Dun Cove (off the Miles River, about 6 miles from St. Michaels, MD) has several little nooks and crannies, but we usually anchor in the area that gives us protection from the prevailing southeasterly winds. This time we noticed all the other boats were packed into a narrower creek running northwest of Dun Cove. As the wind was easterly and the open cove was unprotected from that direction, we also took an anchorage there. I say “packed,” but there was plenty of room – we weren’t very close to our neighbors.

Our view SSW from where we anchored.

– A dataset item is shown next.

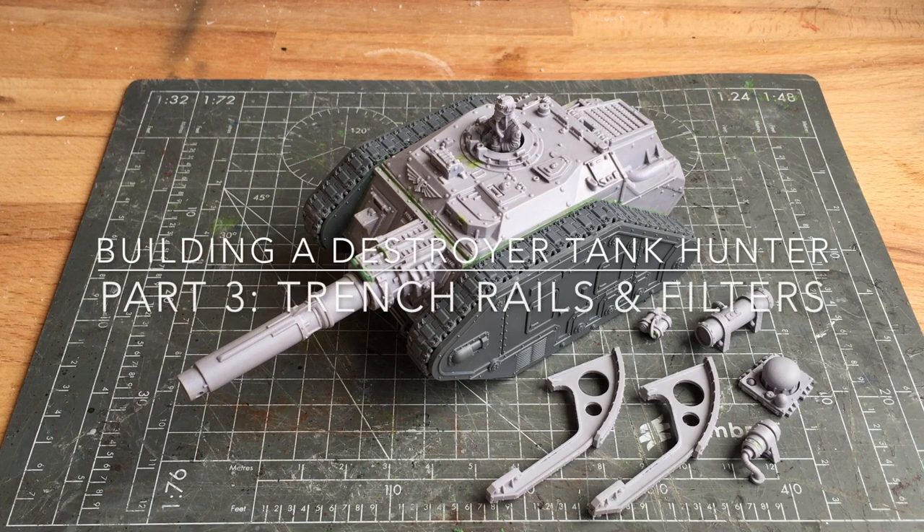Hey there, this is Philip from Beyond the Tabletop. In this video I'll be covering how to Kriegify the tank by adding on the Krieg trench rails and filter unit.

At 1700 you can see how dark and cloudy it is already.
Our view SSW from where we anchored. At 1700 you can see how dark and cloudy it is already.

After dragging anchor several times in the recent past, I’ve been setting two hooks. I did this again, certain that with two anchors well set, my sleep would be uninterrupted . . . though I always have a bit of anxiety about my anchorage neighbors. Setting two anchors is sort of a pain, as it’s difficult to get the second anchor where I want it, and then back down on it without fouling the other anchor rode. I have used my dinghy in the past, and rowed an anchor out to where I wanted it, then set it using a sheet winch.  I guess I was lazy this time, and set both off the bow at about 120 degrees.  It took about 30 minutes to do this, and my neighbors must have been wondering what took so long. But it was done, and we got things shipshape for the rain we knew was coming later that evening – all seats and cushions below, fold up the bimini, set the drop boards in place (except for the top one). For all of that prep, we ate dinner in the cockpit, and it was a beautiful, bug-free evening.

Our view in Dunn Cove, SSE.
Our view in Dunn Cove, SSE.

Sometime in the night I was aware of a light rain falling, and that there was a cooling, pleasant breeze, but nothing disturbing.  We woke, drank lots of coffee, and the rain began.  Seriously.  Several hours of driving rain filled our dinghy half way, and kept us down below.  We were cozy, but knew we had to brave the elements soon, ’cause we had commitments that evening, and a three-hour trip before us. At 1230 the rain seemed to slow down a bit, so I donned rain gear and let Ruth stay below.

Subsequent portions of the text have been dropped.